## Directions
Go through the records below from the first line and print each one exactly, stopping after the line that contains "E-Com Experience Summit: Wissenstransfer". Do not print pictures or anything past that line.

(Stored data Opens)

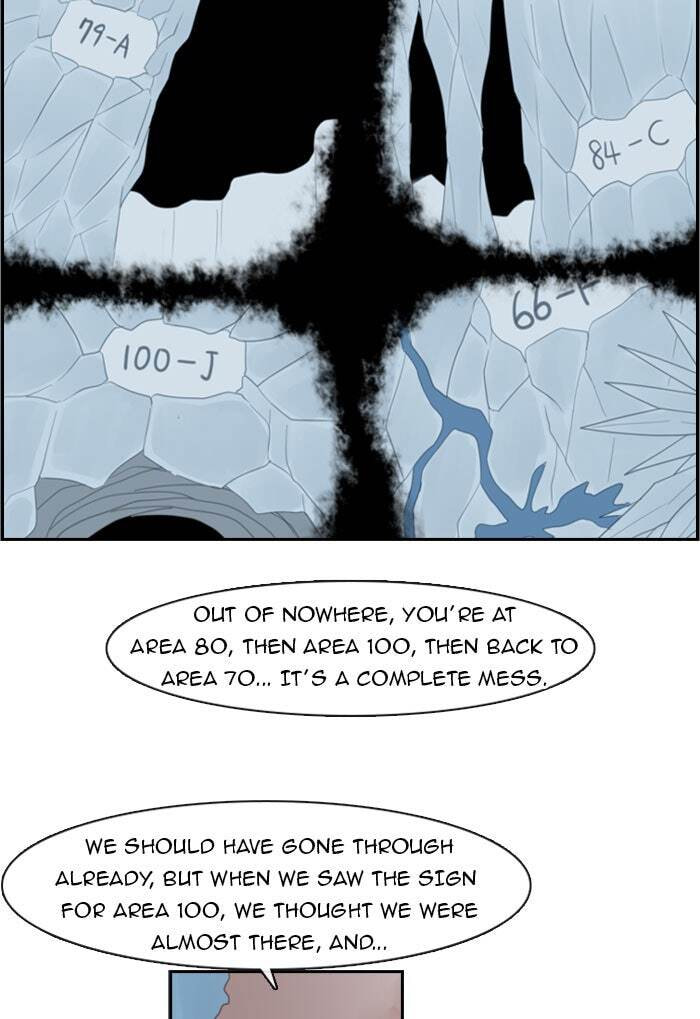 Kubera Chapter 89 page 33 - 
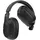 Belkin SoundForm Isolate schwarz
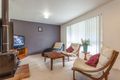 Property photo of 48 Agnes Street Centenary Heights QLD 4350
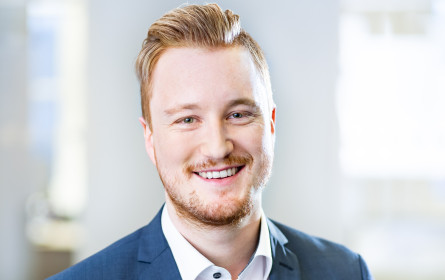 E-Com Experience Summit: Wissenstransfer unter E-Commerce-Profis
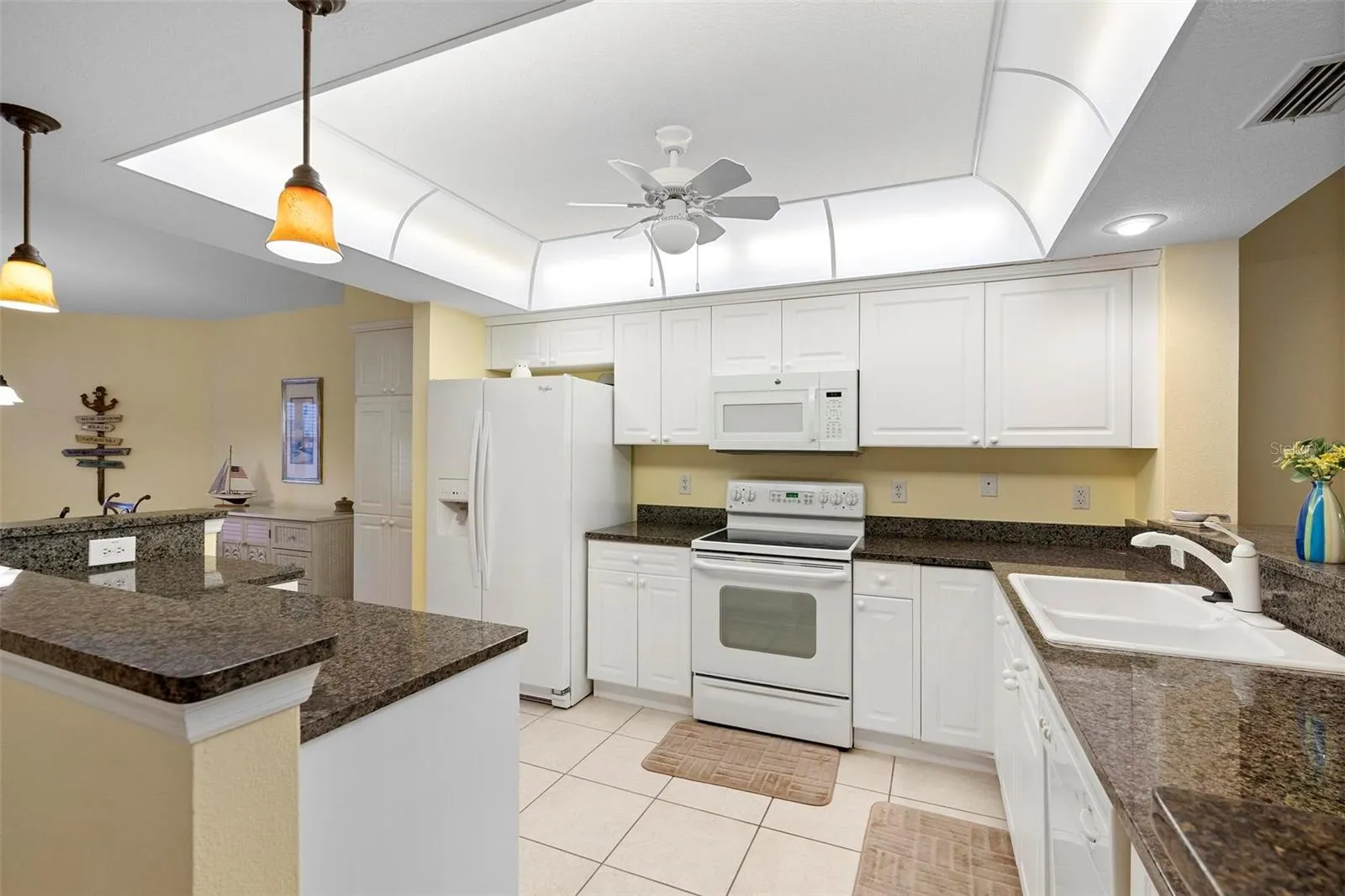 432 Bouchelle Dr #102, New Smyrna Beach, Florida 32169, 2 Bedrooms Bedrooms, ,2 BathroomsBathrooms,Residential,For Sale,BOUCHELLE,O6273847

(Stored data Closes)

## Answer to this problem
 Kubera Chapter 89 page 33 - 
 Belkin SoundForm Isolate schwarz
 Property photo of 48 Agnes Street Centenary Heights QLD 4350
 E-Com Experience Summit: Wissenstransfer unter E-Commerce-Profis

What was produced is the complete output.